Available records:
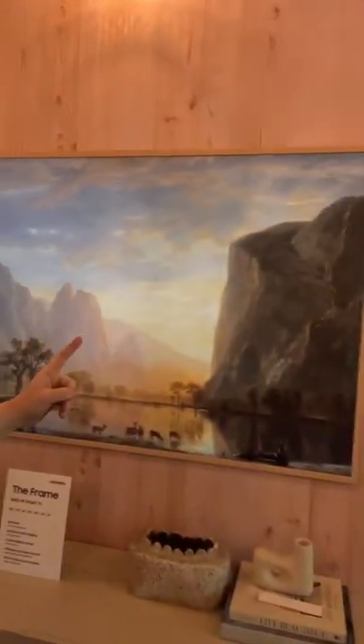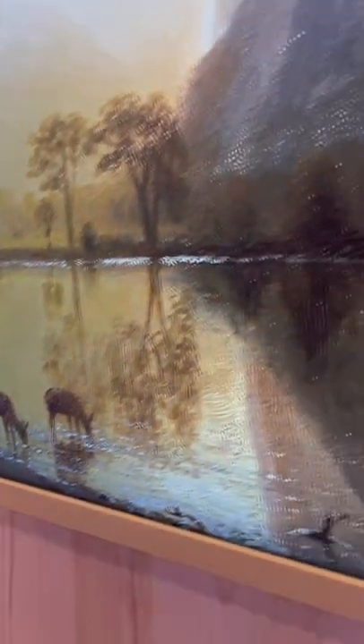It makes it even harder to tell that this is a TV and not just artwork when you put it in ambient mode. So of course you can use it like a regular TV, but look how insane this looks — I'll show you more soon.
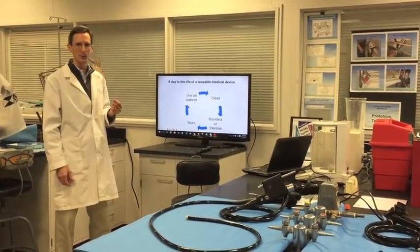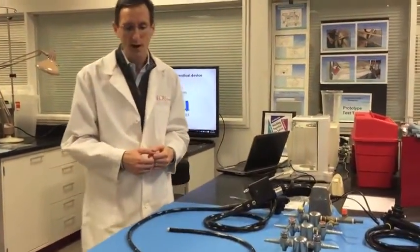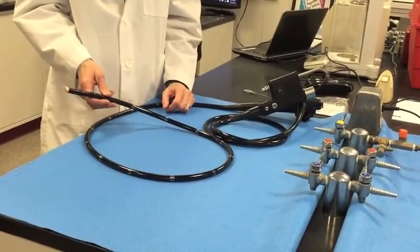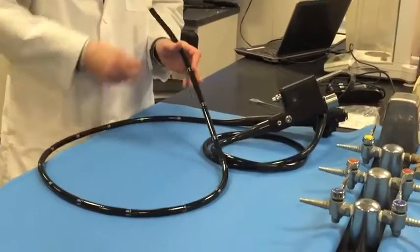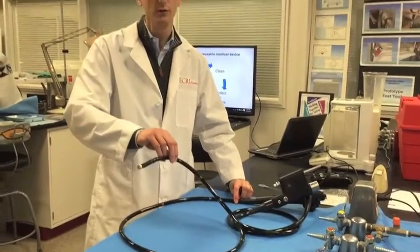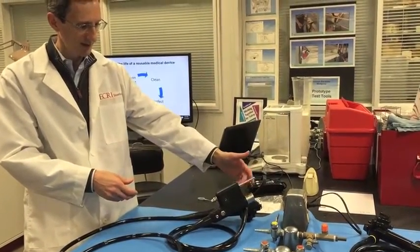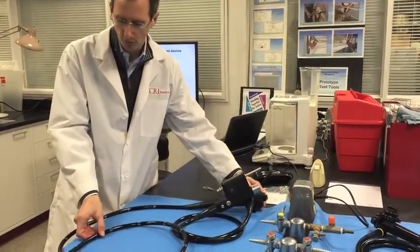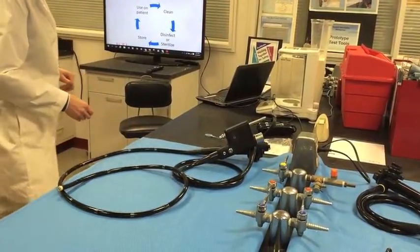Cleaning endoscopes is a particularly challenging task. This is a colonoscope — one of the more basic types of flexible endoscopes. On the surface it looks easy to clean; you've got a smooth surface that can be wiped down. The part from here to the end is inserted into the body; the rest remains outside and connects to a device that produces a light source and a camera. The controls for maneuvering the tip of the scope are up here, along with ports.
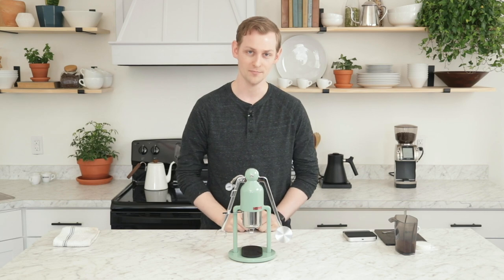Hey folks, it's Steve with Prima Coffee here. Today we're going to take a look at the Cafelat Robot Manual Espresso Maker.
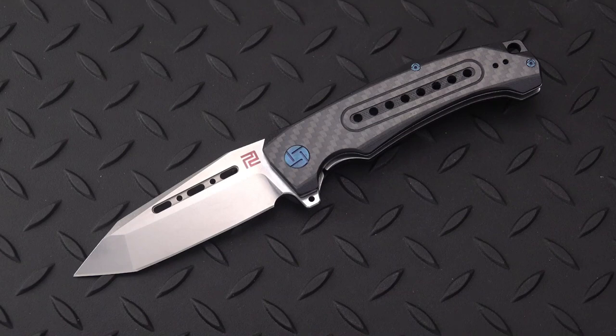Welcome back blade lovers. This Old Sword is with you once again and I have an interesting knife from Artisan today. It's called the Jungle — that's all it's called. Call it a Jungle Tanto if you want.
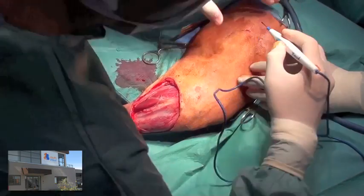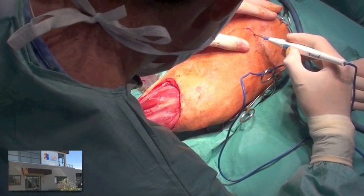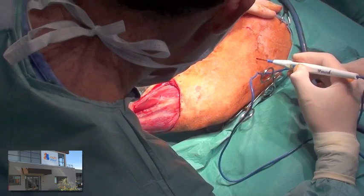Electrocautery is used to mark the skin for the proposed axial pattern flap, which is based on the lateral geniculate artery.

What is being asked:
Reproduce the material exactly. Pictures stay out.

Result of the task:
It makes it even harder to tell that this is a TV and not just artwork when you put it in ambient mode. So of course you can use it like a regular TV, but look how insane this looks — I'll show you more soon.
Cleaning endoscopes is a particularly challenging task. This is a colonoscope — one of the more basic types of flexible endoscopes. On the surface it looks easy to clean; you've got a smooth surface that can be wiped down. The part from here to the end is inserted into the body; the rest remains outside and connects to a device that produces a light source and a camera. The controls for maneuvering the tip of the scope are up here, along with ports.
Hey folks, it's Steve with Prima Coffee here. Today we're going to take a look at the Cafelat Robot Manual Espresso Maker.
Welcome back blade lovers. This Old Sword is with you once again and I have an interesting knife from Artisan today. It's called the Jungle — that's all it's called. Call it a Jungle Tanto if you want.
Electrocautery is used to mark the skin for the proposed axial pattern flap, which is based on the lateral geniculate artery.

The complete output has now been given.